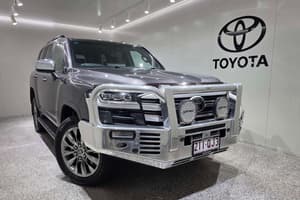 2023 Toyota Landcruiser Sahara ZX FJA300R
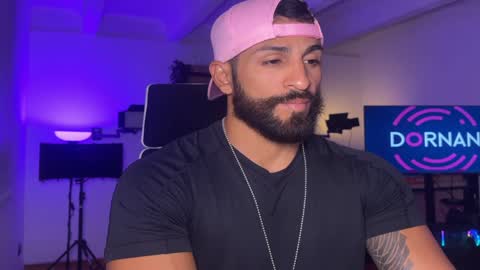 Snapshot of samdornan chatting on January 1, 12:21 am Sam Dornan online show from January 1, 12:21 am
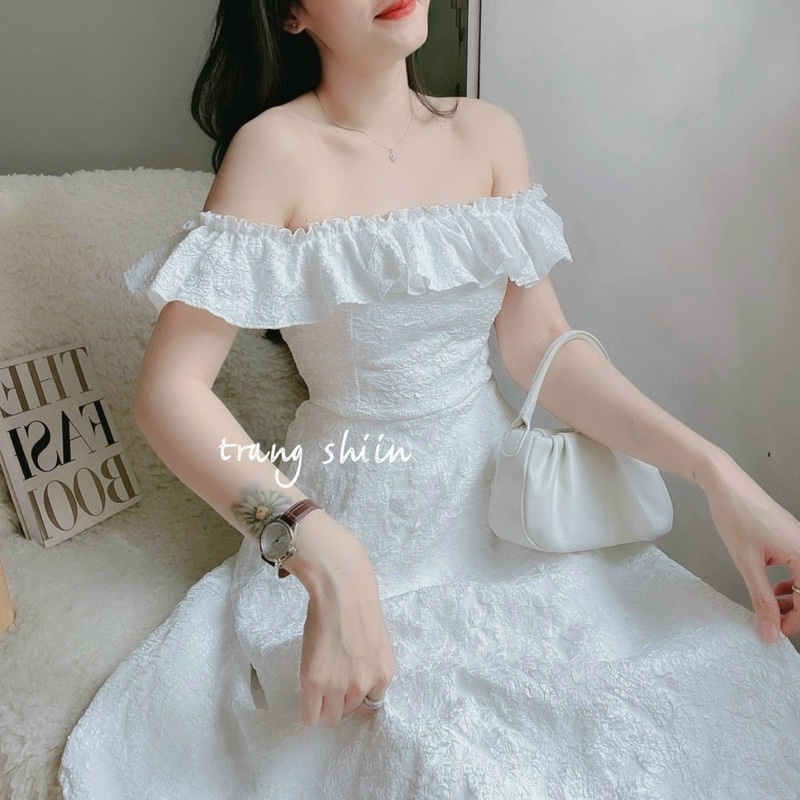 ĐẦM HOA 2S RỚT VAI BÈO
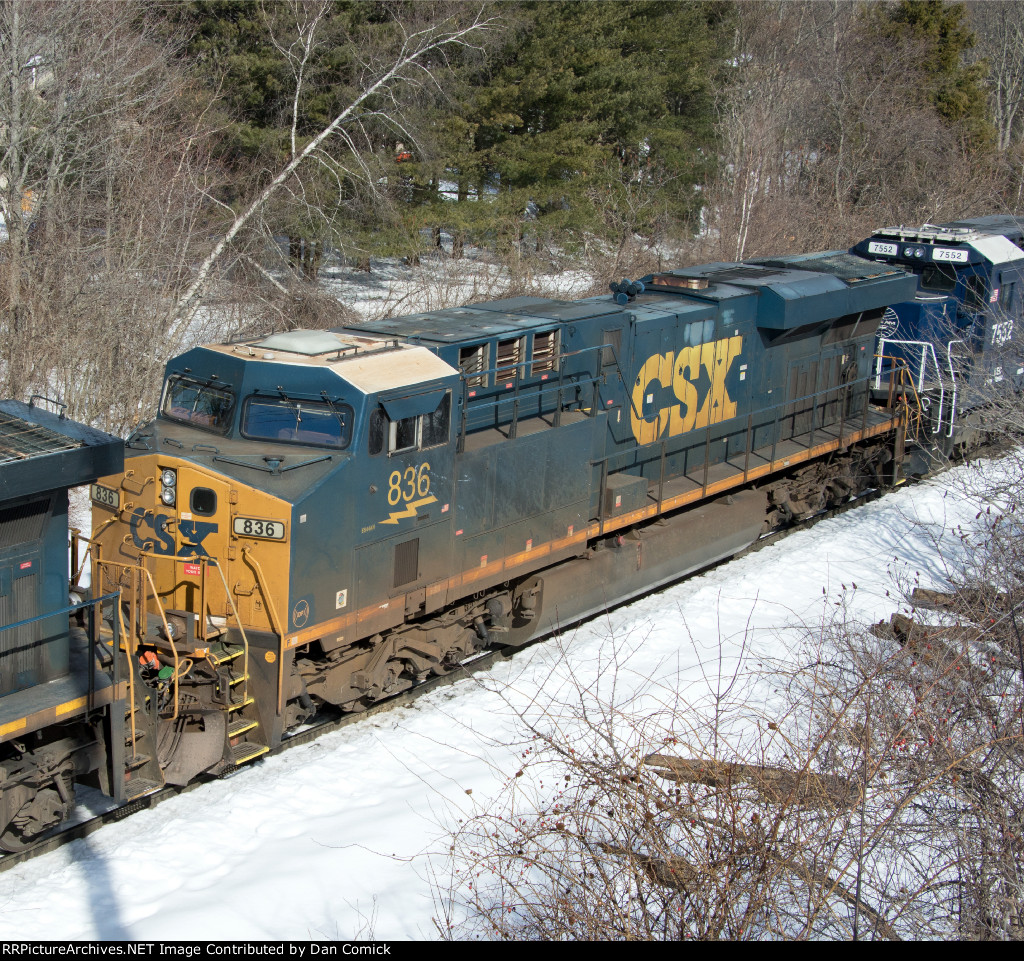 CSXT 836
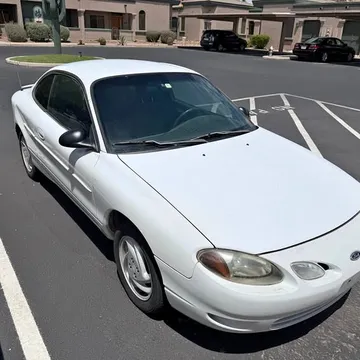 2000 Ford Escort Coupe 2D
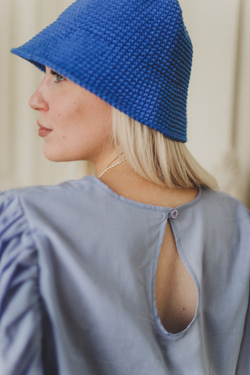 Блузка с рукавами-фонариками и капелькой на спине из батиста василькового цвета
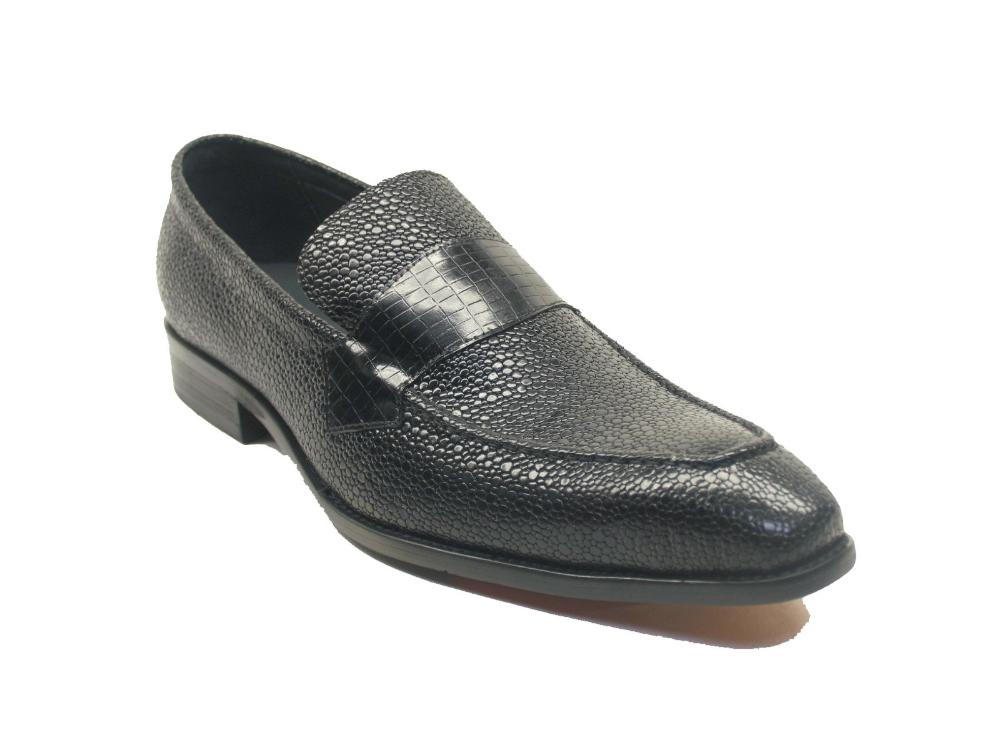 Caviar Calfskin Penny Loafer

* * * * *

→ Action item
When the line containing "2000 Ford Escort Coupe 2D" is reached, write out that line and each one after it exactly, ending with the last line of the records; pictures are not copied.

→ Result
 2000 Ford Escort Coupe 2D
 Блузка с рукавами-фонариками и капелькой на спине из батиста василькового цвета
 Caviar Calfskin Penny Loafer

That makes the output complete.